冬夏恋語り
キャットベッドにいた猫たちが、そろってコタツのそばにやってきた。
コタツ布団に身を寄せて並んで座る。
井上さんが慣れた手つきで二匹の背中をなでると、とろけるような顔になりゴロンと横になった。
さすがトリマー、猫のツボを心得ている。
「この子たち、仲良くしてますね」
「マンチカンは人懐っこいからね。
好奇心も旺盛だけど、ほかの猫を認めることができる賢い猫だよ。
二匹の相性も良かったんだね」
店長の専門家らしいコメントに、みなでうなずいた。
電気店から 『ニーナ』 に寄ると、寒いね、鍋の季節だね、コタツが恋しいねと、そんな話がかわされていた。
井上さんが、実家から白菜が送られてきたが食べきれない、恋ちゃんにおすそ分けしたいと言い、寒くて昨日コタツを出したんですよ、ウチで鍋しませんかと恋ちゃんから誘いがあり、速攻話がまとまった。
俺と店長が酒と白菜以外の食材調達を引き受け、ミューを連れて恋ちゃんの部屋にやってきたのだった。
「ベッド、ありがとう」
「こちらこそ、あのままもらっちゃって。タァー、気に入ってるみたいです」
バス停で、辛そうな恋ちゃんに差し出したキャットベッドは、抱えたまま彼女が持って帰った。

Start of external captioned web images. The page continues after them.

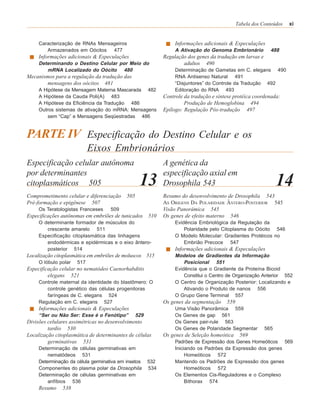 Tabela dos Conteúdos   xi


     Caracterização de RNAs Mensageiros                         Informações adicionais & Especulações
        Armazenados em Oócitos 477                              A Ativação do Genoma Embrionário           488
     Informações adicionais & Especulações                 Regulação dos genes da tradução em larvas e
     Determinando o Destino Celular por Meio do                    adultos 490
        mRNA Localizado do Oócito 480                           Determinação de Gametas em C. elegans 490
Mecanismos para a regulação da tradução das                     RNA Antisenso Natural 491
       mensagens dos oócitos 481                                “Disjuntores” do Controle da Tradução 492
     A Hipótese da Mensagem Materna Mascarada 482               Editoração do RNA 493
     A Hipótese da Cauda Poli(A) 483                       Controle da tradução e síntese protéica coordenada:
     A Hipótese da Eficiência da Tradução 486                       Produção de Hemoglobina 494
     Outros sistemas de ativação do mRNA: Mensagens        Epílogo: Regulação Pós-tradução 497
         sem “Cap” e Mensagens Seqüestradas 486


PARTE IV Especificação do Destino Celular e os
                            Eixos Embrionários
Especificação celular autônoma                             A genética da
por determinantes                                          especificação axial em
citoplasmáticos 505                              13        Drosophila 543                                      14
Comprometimento celular e diferenciação    505             Resumo do desenvolvimento de Drosophila 543
Pré-formação e epigênese 507                               AS ORIGENS DA POLARIDADE ÂNTERO-POSTERIOR 545
     Os Teratologistas Franceses    509                    Visão Panorâmica 545
Especificações autônomas em embriões de tunicados    510   Os genes de efeito materno 546
     O determinante formador de músculos do                     Evidência Embriológica da Regulação da
        crescente amarelo 511                                       Polaridade pelo Citoplasma do Oócito 546
     Especificação citoplasmática das linhagens                 O Modelo Molecular: Gradientes Protéicos no
        endodérmicas e epidérmicas e o eixo ântero-                 Embrião Precoce 547
        posterior 514                                           Informações adicionais & Especulações
Localização citoplasmática em embriões de moluscos 515          Modelos de Gradientes da Informação
     O lóbulo polar   517                                           Posicional 551
Especificação celular no nematódeo Caenorhabditis               Evidência que o Gradiente da Proteína Bicoid
         elegans 521                                                Constitui o Centro de Organização Anterior 552
     Controle maternal da identidade do blastômero: O           O Centro de Organização Posterior: Localizando e
        controle genético das células progenitoras                  Ativando o Produto de nanos 556
        faríngeas de C. elegans 524                             O Grupo Gene Terminal 557
     Regulação em C. elegans 527                           Os genes da segmentação    559
     Informações adicionais & Especulações                      Uma Visão Panorâmica 559
     “Ser ou Não Ser: Esse é o Fenótipo”       529              Os Genes de gap 561
Divisões celulares assimétricas no desenvolvimento              Os Genes pair-rule 563
         tardio 530                                             Os Genes de Polaridade Segmentar         565
Localização citoplasmática de determinantes de células     Os genes de Seleção homeótica     569
         germinativas 531                                       Padrões de Expressão dos Genes Homeóticos 569
     Determinação de células germinativas em                    Iniciando os Padrões da Expressão dos genes
         nematódeos 531                                              Homeóticos 572
     Determinação da célula germinativa em insetos   532        Mantendo os Padrões de Expressão dos genes
     Componentes do plasma polar da Drosophila       534             Homeóticos 572
     Determinação de células germinativas em                    Os Elementos Cis-Reguladores e o Complexo
         anfíbios 536                                                Bithorax 574
     Resumo    538
 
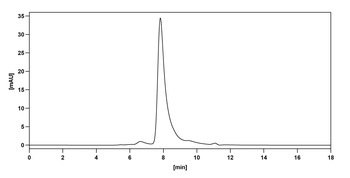 Cusatuzumab Human Monoclonal Antibody
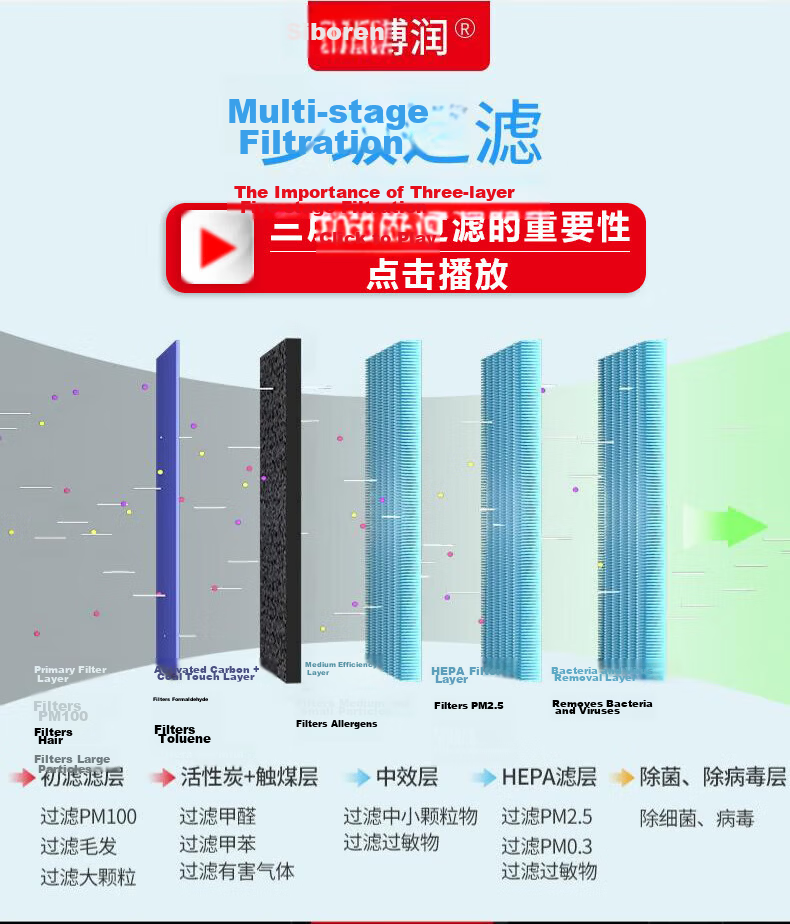 Siborun Air Purifier Filter for Mijia Xiaomi Air Purifier 4pro/5s, Removes Smog, Formaldehyde, Odors, And Bacteria, Filter Mesh 6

帰宅して、俺に返し忘れたと気がついたが、恋ちゃんの猫のタァー君がベッドを気に入り、取り上げることができなくなった。
代わりに同じものを取り寄せますと言われていたため、今日 『ニーナ』 に届いたベッドを受け取り、そのままここに持参した。
連れてきたミューは、ベッドが気に入ったようだ。
「それで、誤解は解けたの?」
「えっ?」
「麻生さんのお兄さんのこととか、西垣さんの教え子の女の子のこととか」
「まぁ、はい」
店長の問いかけに返事をして、恋ちゃんと顔を見合わせて小さく笑った。
「あれぇ、その顔、なんか意味深ですね。おふたり、いい感じになったのかな」
「そっ、そんなことないです。もぉ、井上さん、変なこと言わないでください」
「あら、麻生さん照れてる。西垣さんも」
「べっ、べつに、照れてなんて。あっ」
姿勢をただそうと座りなおした足が、隣の恋ちゃんの足に触れた。
ごめん……と謝ったつもりが声にならない。
彼女も、いいえ、というように少し首を振っただけ。
コタツの中で足が触れただけなのに、秘密を共有した気分になる。
なんだか知らないが顔が火照ってきて、あわてて話題を変えた。
「そうだ、学祭に行きませんか。チケットをもらったんだけど」
「学祭? あぁ、大学の学園祭だね。ポスターを見たよ。
懐かしいなぁ、いまどきの学生さんって、どんなことするの?」
うまい具合に店長が応じてくれたことにホッしながら、ポケットを探り三枚のチケットを取り出した。
「昔とそう変わりませんよ。模擬店が多いですね。
で、もらったチケットがこれなんですけど」
「メイドカフェは聞いたことあるけど、執事カフェって? お屋敷にいる執事?」
「執事服を着た男性が、”お嬢さま、おかえりなさいませ” って迎えてくれるんですよ」
「井上さん、詳しいですね」
「そういうの好きな友達がいて、誘われて一回だけいったの。お姫様扱いしてくれるのよ」
「わぁ、楽しそう」
お姫様というキーワードに恋ちゃんが興味を示し、一緒に行きます? とその気になっている。
店長もメイドが気になるようだ。
「これ、どうぞ。僕はまたもらえるので」
「いいんですか? 麻生さん、私、あさって休みなの」
「あさって、私、午後から空いてます」
「僕もメイドカフェに行ってみたい気もするけど」
この歳で学祭に一人で行く勇気はないんだよね、と店長に言われて案内役を引き受けた。
イラ研の店に行くなら、北条愛華に声をかけなければならない。
その前に店長に説明しておくか。